Cette chronique est rédigée chaque semaine dans le train qui mène un « turbo-prof » de Paris, où il vit, à Clermont-Ferrand, où il est maître de conférences. De contrôleurs en grèves d’étudiants, de trains manqués aux cours à préparer, 1500 signes pour décrire les heur(t)s et malheurs d’un classique ordinaire.
Dans l’Intercités Clermont-Paris, jeudi 19 mars.
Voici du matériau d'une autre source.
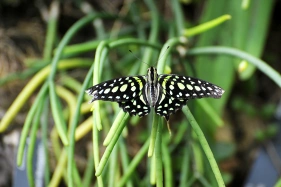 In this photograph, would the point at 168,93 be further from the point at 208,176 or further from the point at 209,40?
the point at 209,40

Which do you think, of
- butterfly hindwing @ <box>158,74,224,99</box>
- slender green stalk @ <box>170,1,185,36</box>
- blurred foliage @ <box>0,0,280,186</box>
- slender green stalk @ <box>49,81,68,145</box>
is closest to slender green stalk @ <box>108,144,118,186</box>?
blurred foliage @ <box>0,0,280,186</box>

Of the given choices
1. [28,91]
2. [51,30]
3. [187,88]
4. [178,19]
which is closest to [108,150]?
[187,88]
Aujourd’hui, Forum de l’Insertion Professionnelle. On m’a invité à discuter sur le thème « Voyage, exils, identité ». Les étudiants ont posé beaucoup de questions : partir, quitter l’Auvergne ? Devenir enseignant ? Quitter son milieu social ? De très belles questions, souvent inquiètes. Et puis une, terrible : « à quoi ça sert, tout ça ? ». Que répondre à cette question sur l’utilité des études de Lettres ? Que ça ne sert à rien et que c’est ça qui est luxueux ? Muet, je revois la vidéo de Mossoul (des individus pilonnant des pièces du musée), les sites archéologiques bombardés en Syrie, une flaque de sang dans le musée de Tunis. Ceux qui désirent un nouvel ordre de choses s’en prennent prioritairement aux plus anciennes cultures. Pas si fous.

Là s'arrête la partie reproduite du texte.